'Sea of People' Take to City Streets Because #BlackLivesMatter

By Chris Hoenig

New York’s Fifth Avenue was shut down Saturday by more than 25,000 marchers—the largest demonstration yet—in just one of many protests nationwide against the killing of unarmed Black people in America.

The sea of protesters stretched for more than a mile on one of the Big Apple’s biggest streets during one of the busiest times of the year. Thousands flock to the city on weekends to do some holiday shopping, see shows and gawk at the iconic holiday displays in windows and parks throughout Manhattan.

On Saturday, many also picked up the important lesson: Black lives matter.

The protesters came from all walks of life: Blacks, whites, Latinos, Asians—some dressed in sweats to combat the brutal cold, some wearing their Sunday best. More than 90 minutes after they began marching out of Washington Square Park, demonstrators still remained, waiting for their chance to march.

“I stand here as a Black man who is afraid of the police,” said marcher Ahmad Greene-Hayes, “who is afraid of never knowing when my life might end, never knowing when I might be … gunned down by a vigilante or a security guard or a police officer.”

Under the watchful eye of the NYPD—officers lined every intersection, dressed only in their standard uniforms, without the heavy armament seen in Ferguson or even in the city’s high-profile, terror-prone transport hubs—protesters packed Fifth Avenue, alternating chants of “Black lives matter,” “I can’t breathe,” and “Hands up, don’t shoot.”

You can view a time-lapse video of the march here:

The massive demonstration was almost entirely peaceful, though one man was arrested after some protesters broke off at the end of the scheduled route and attacked NYPD officers on the Brooklyn Bridge.

“Those who reject peaceful protest and provoke violence can expect immediate arrest and prosecution,” New York City Mayor Bill de Blasio said Sunday night, calling the attack an “ugly and unacceptable departure from the demonstrations thus far.”

“Such acts are beneath the dignity of New York City,” he added. “They undermine the very values these protests are working to advance, and they simply will not be tolerated.”

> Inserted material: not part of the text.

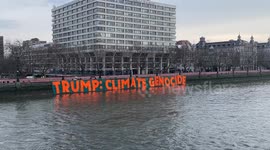Climate activists dropped a giant anti-Donald Trump banner opposite the Houses of Parliament in central London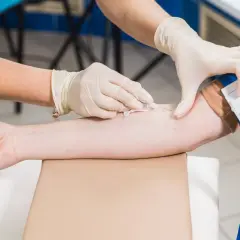 Pielęgniarka w rękawiczkach pobiera krew do badań profilaktycznych.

Eric Linsker, a 29-year-old college English professor who is white, was arrested in connection with the attack and charged with assault in the second degree, rioting in the first degree, criminal possession of a weapon, resisting arrest and drug offenses.

‘Sea of People’ March on Washington

Led by the families of Eric Garner, Michael Brown, Trayvon Martin and Tamir Rice, tens of thousands filled the National Mall in Washington, D.C., marching to the U.S. Capitol in support of their kids and other unarmed Black men killed at the hands of police officers.

“This is a history-making moment,” Gwen Carr, Garner’s mother, said. “It’s just so overwhelming to see all who have come to stand with us. Look at the masses—Black, white, all races, all religions. … We need to stand like this at all times.”

Carr was joined by Esaw Snipes-Garner, Eric Garner’s widow; Samaria Rice, mother of 12-year-old Tamir Rice; and Lesley McSpadden, Michael Brown’s mother, in asking for better monitoring of racial profiling and police brutality, and for equal justice for those killed by cops.

“What a sea of people,” McSpadden said. “If they don’t see this and make a change, then I don’t know what we got to do.” The universal use of body cameras by police officers are amongst the demands of many leading the rallies. “We come in peace but we come strong,” said Ashley Sharpton, daughter of the Reverend Al Sharpton, an organizer of the Washington march. “We come with demands. We want the government to get involved.” Thousands also gathered in Boston, marching from the Massachusetts State Capitol, and in San Francisco.